I am completely new to WCF. I was pretty sure it was going to work like regular web services - and I'm also pretty sure I was doing that wrong too, but now I want to make sure I'm doing it right.
Our ASP.Net app connects to the WCF service across the internet. I have impletemented basic security and using SSL. It is working, but slower than when we had regular web services going. The data being returned is fundamentally the same as with the regular web service.
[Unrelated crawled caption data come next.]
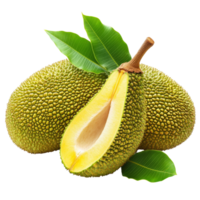 Freshly harvested jackfruits with vibrant leaves displayed on a transparent background for culinary inspiration, jack fruits with leaf on transparent background png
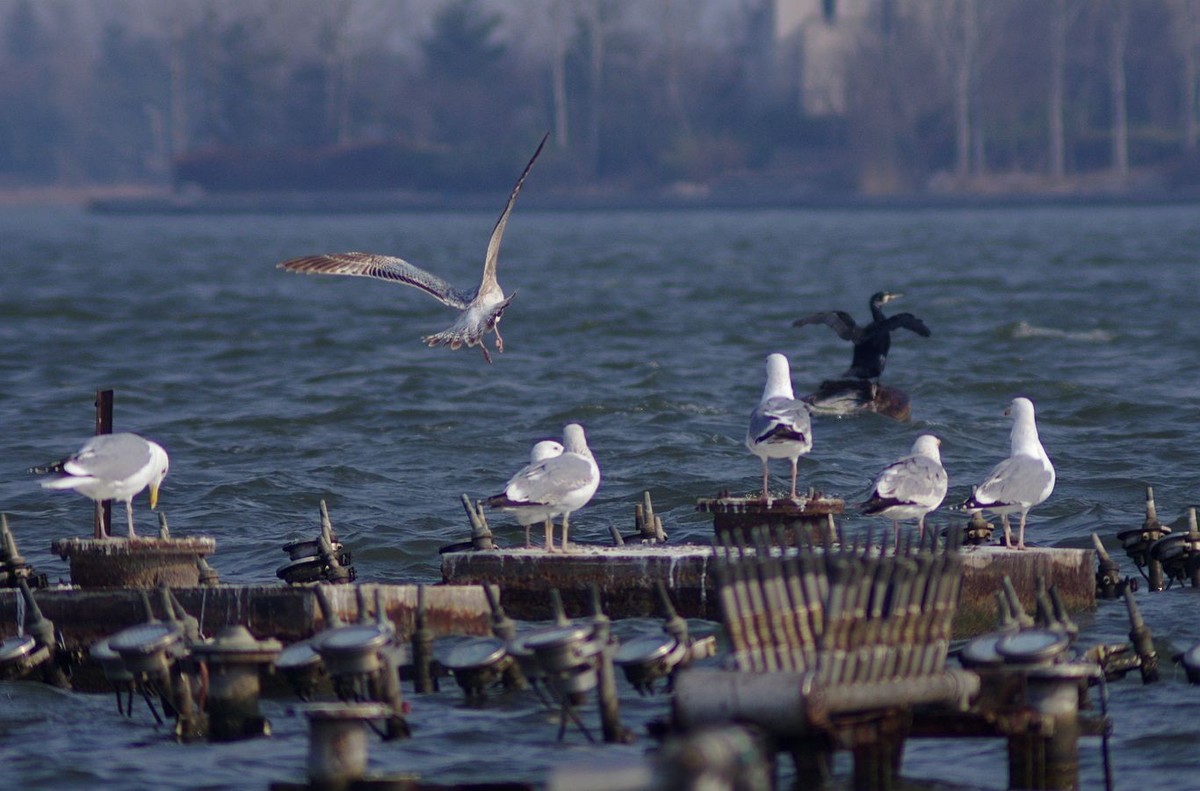 留住海鸥的精彩瞬间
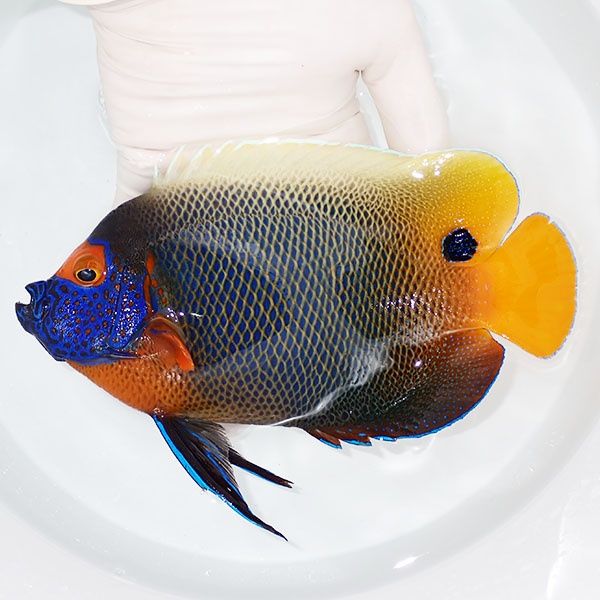 【現物3】 アデヤッコ 成魚 18.5cm±! 海水魚 ヤッコ(t111(t207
When I was using the regular web service, anytime I needed to get data, I would create a new service object and call the function for the data I needed. This seemed to work ok, but as I would imagine, not the best way to do it especially if there were thousands of users connecting at the same time. So when I converted to WCF, I decided to keep one client open and just use that for everyone connecting to the site. I put it in the cache and when the cache would dump the object, I had a callback function to dispose it.
Now I didn't even think about it till after I changed all this that it might pose an issue for multiple people connecting. If person A requests data, person B has to wait for that to finish before their data is fetched through the service.
So I changed it to be session based. I either implemented this wrong or it just backfired as it didn't work well at all. The client would time out, cause a fault, or just plain not work. I changed it back to being cached for now and it seems to be working fine (except slow).
What is a "best practice" for this scenario? Do I create the client on the fly when it's needed, create one session based (and figure out what I did wrong), or keep it as is and use the one client cached method?